“You’ll need medical care.”
“I’ll fly where I need to. Or we can bring people to me.”
I thought about it. “It’s a good plan.”
“Yeah?” Celia was flattered, I could tell.
“The student has become the master,” I said.
She laughed, and I kissed her.
“We’re home,” I said.
This wasn’t my home. We’d never lived here together before. But she knew what I meant.
“Yes,” she said. “We’re home.”
Now This
July 1, 1988
EVELYN HUGO AND MAX GIRARD DIVORCE TURNS UGLY AMID REPORTS OF HUGO CHEATING
Evelyn Hugo is headed to divorce court one more time. She filed papers citing “irreconcilable differences” this week. And while she’s an old hand at this, it looks like this one’s gonna be a doozy.
Sources say Max Girard is seeking spousal support, and reports have surfaced claiming that Girard is bad-mouthing Hugo all over town.
“He’s so angry he’s saying just about anything he can to get back at her,” an insider close to the former couple says. “You name it, he’s said it. She’s a cheater, she’s a lesbian, she owes him her Oscar. It’s clear he’s very heartbroken.”

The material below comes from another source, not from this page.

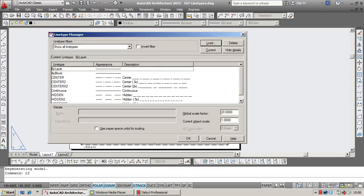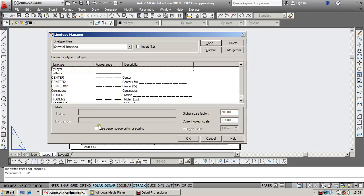Now in your line type manager, this little box over here, I will explain this in a lot more detail in another video, but by simply unticking it and regenerating your drawing, what you see in model space is exactly what you'll get in paper space.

Hugo was recently seen out with a much younger man last week. Jack Easton, a Democratic congressman from Vermont, is only twenty-nine years old. That’s more than two decades younger than Evelyn. And if the photos of their evening together out to dinner in Los Angeles are any indication, it looks like a blossoming romance.
Hugo doesn’t have a great track record, but in this case, it seems like one thing is clear: Girard’s comments certainly sound like sour grapes.
HARRY WASN’T ON BOARD.
He was the one piece of the plan that wasn’t up to me, the one person I wasn’t willing to manipulate into doing what I wanted him to do. And he didn’t want to leave everything behind and fly off to Europe.
“You’re suggesting I retire,” Harry said. “And I’m not even sixty yet. My God, Evelyn. What on earth am I going to do all day? Play cards on the beach?”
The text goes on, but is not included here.